4.)     We note that despite the significant goodwill impairment charge, December 31, 2008 market capitalization was still significantly below the book value of your equity. Please provide us with a reconciliation of your market capitalization and your SFAS 142 fair value measurements. Such reconciling information should also be disclosed and explained in future filings, when applicable.
Response:   To assist the Company in the determination of its SFAS 142 fair value measurements, the Company utilized a third party valuation firm. Management provided the assumptions, including both quantitative and qualitative information, about the specified asset or liability to the third party valuation firms. The Company primarily utilized the third-party to accumulate the data from multiple sources and assemble a report that summarizes the information obtained. The Company then used that information to determine the fair value. The third-party valuation firm was supervised by Company personnel who are knowledgeable about valuations and fair value. The Company evaluated the appropriateness of the valuation methodology utilized.
As of December 31, 2008, the Company’s market equity capitalization was $2,624.0 million (433.0 million shares multiplied by the Company’s December 31, 2008 closing market price of $6.06). As of December 31, 2008, the Company determined that its implied equity value was $4,255.7 million. Thus, based upon the implied equity value and the Company’s total equity capitalization of $2,624.0 million, a control premium of 62% was implied.
The following discussion describes the procedures the Company performed along with the significant factors considered in assessing the reasonableness of the concluded implied equity value of $4,255.7 million and resulting control premium of 62%.
    The Company is approximately 67% owned by Gerdau S.A. When considering the amount of the control premium to apply to the Company’s stock price, one must consider the impact of Gerdau S.A.’s majority interest in the Company. This majority ownership interest has caused the multiple at which the Company’s stock price trades to be at a significant discount as compared to the Company’s peers. Therefore, a control premium to acquire the Company’s stock would be justifiably greater than the average control premium of its peers.
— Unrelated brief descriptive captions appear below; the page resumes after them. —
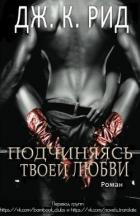 Книга Подчиняясь твоей любви (ЛП)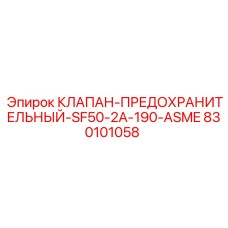 Клапан Epiroc 830101058 для высокого давления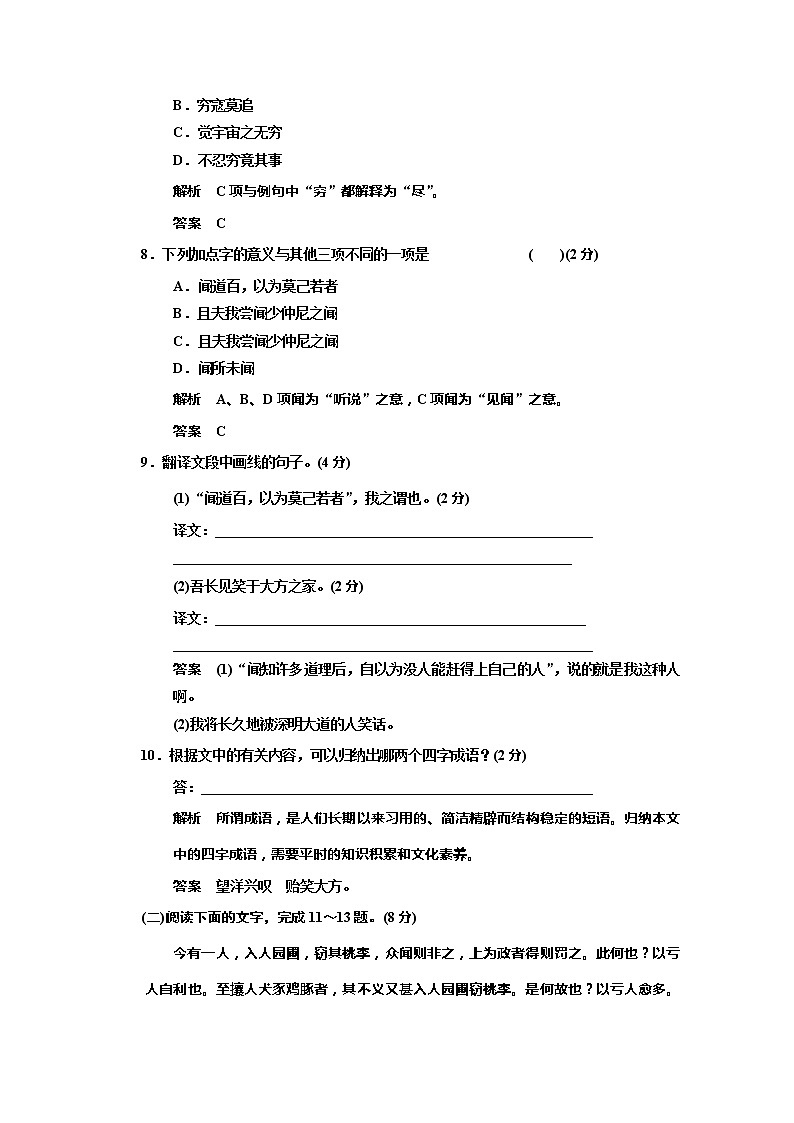-高中语文 4.20《秋水》（节选）《非攻》（节选）规范训练 苏教版必修3第3页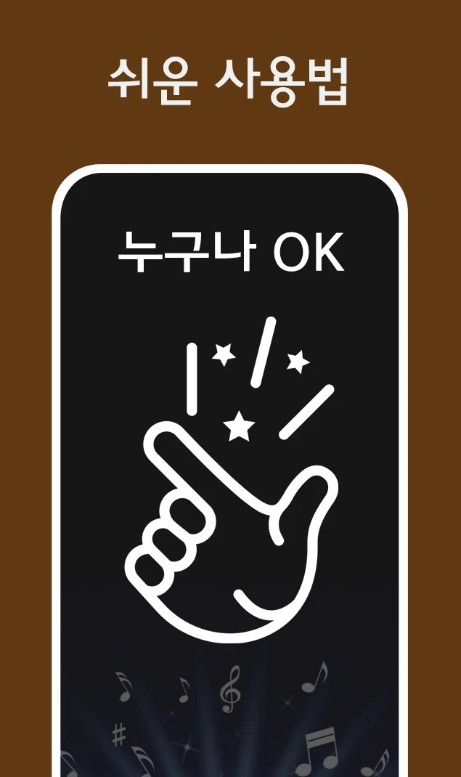 7080 음악 무료 듣기 어플, 추억의 7080 가요 노래모음 음악 감상하기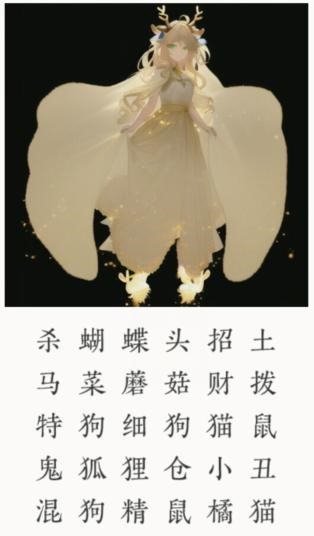 《文字大師》AI繪畫1/2連出原圖人物通關攻略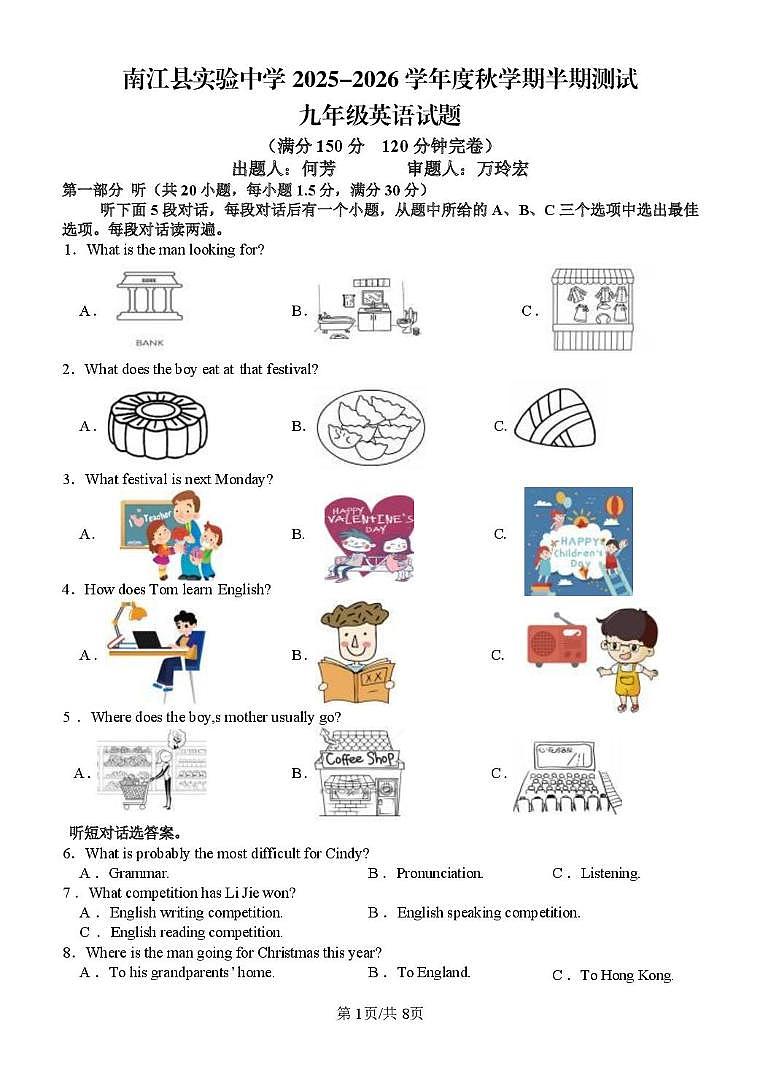 四川省巴中市南江县实验中学2025-2026学年九年级上学期半期考试英语试题（月考）第1页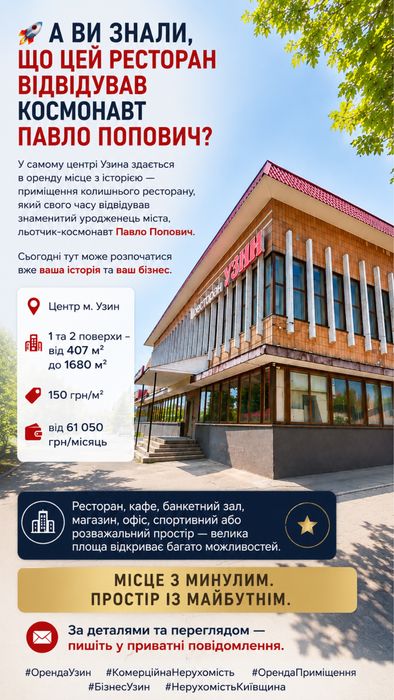 Здається приміщення в центрі м.Узин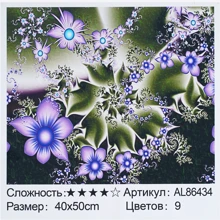Алмазна мозаїка TK Group Фрактальні квіти 40х50 см (86434): Виробник TK Group
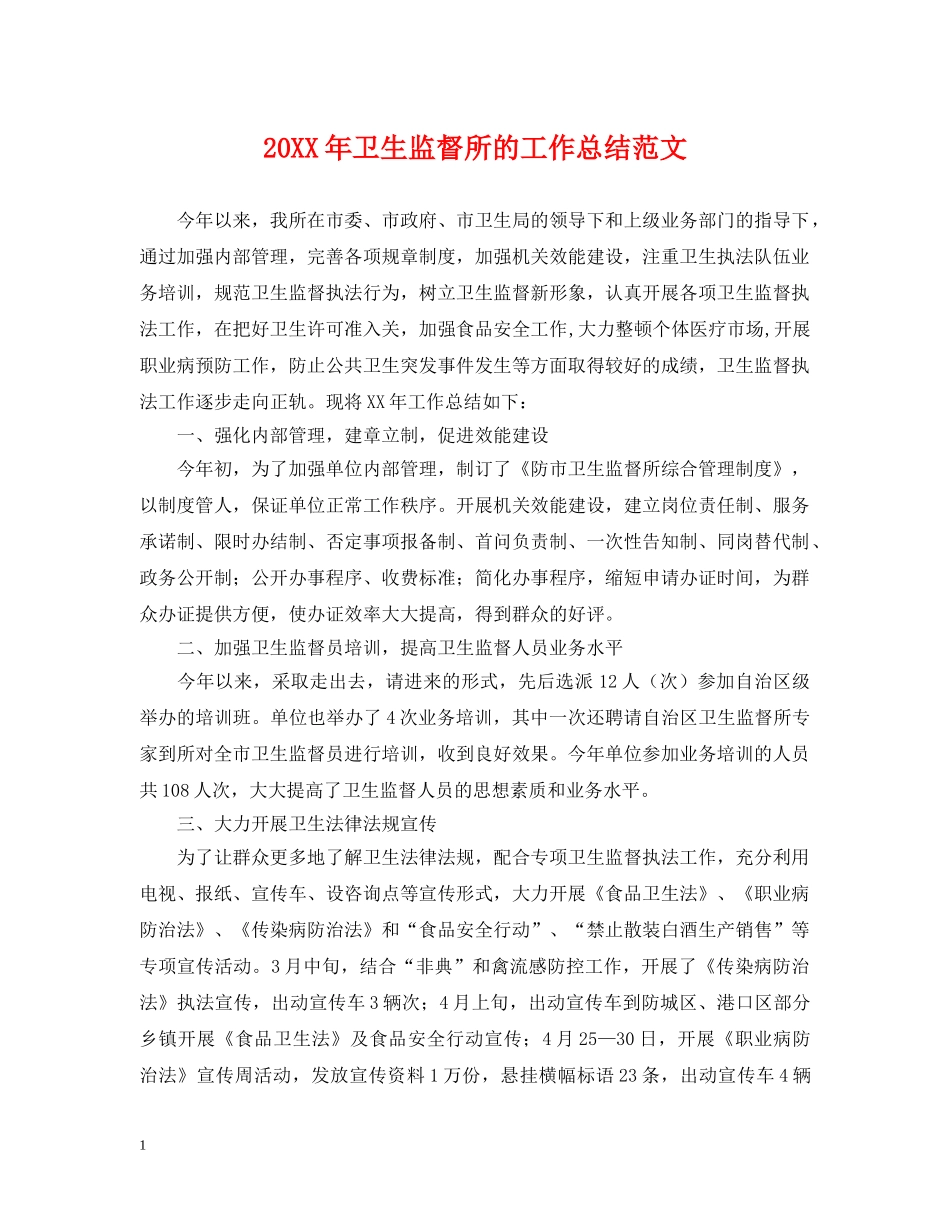 20XX年卫生监督所的工作总结范文 _第1页
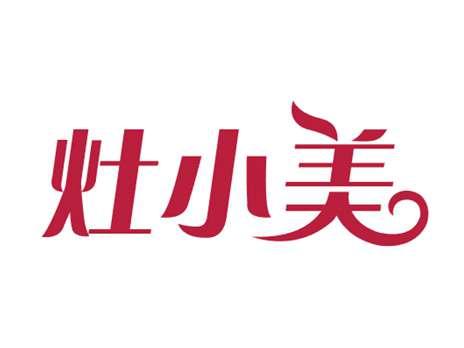 灶小美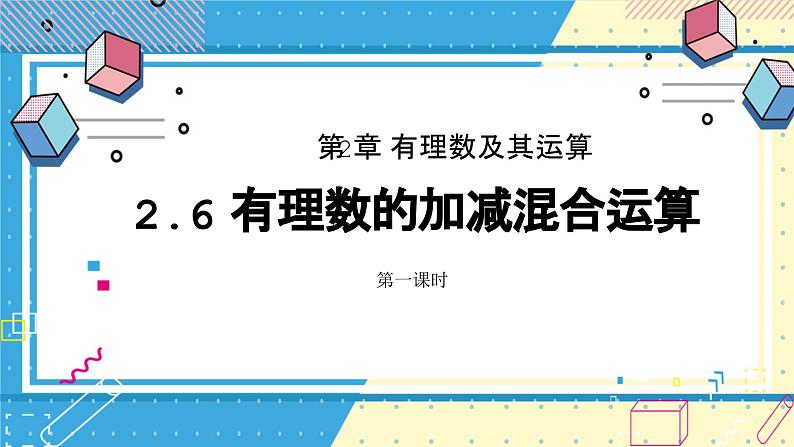 鲁教版（五四）六年级上册2.6有理数的加减混合运算第一课时课件PPT第1页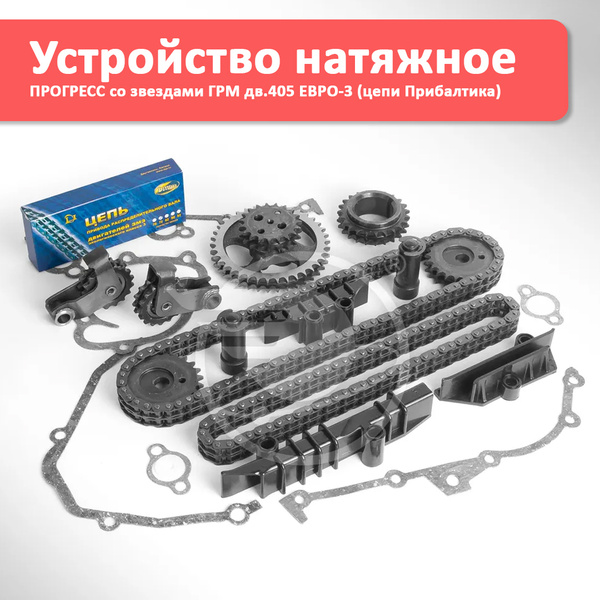 Устройство натяжное ПРОГРЕСС со звездами ГРМ дв.405 ЕВРО-3 (цепи ...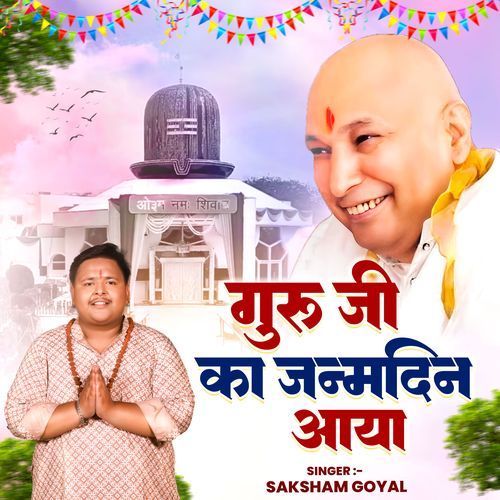 Guru Ji Ka Janamdin Aaya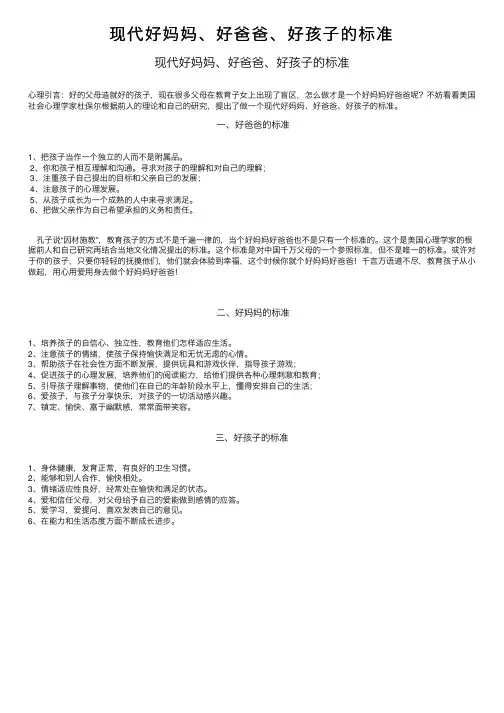 现代好妈妈、好爸爸、好孩子的标准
    Based on a control premium study of acquisitions within the steel industry between 2004 and 2007, the Company concluded that a 20% control premium was conservatively realized in past transactions.
    The study of acquisitions was performed without consideration of the control premium resulting from the Company’s majority ownership. Therefore, the Company believes the control premium due to majority ownership and the industry specific control premium should be considered cumulative and would support the Company’s implied control premium.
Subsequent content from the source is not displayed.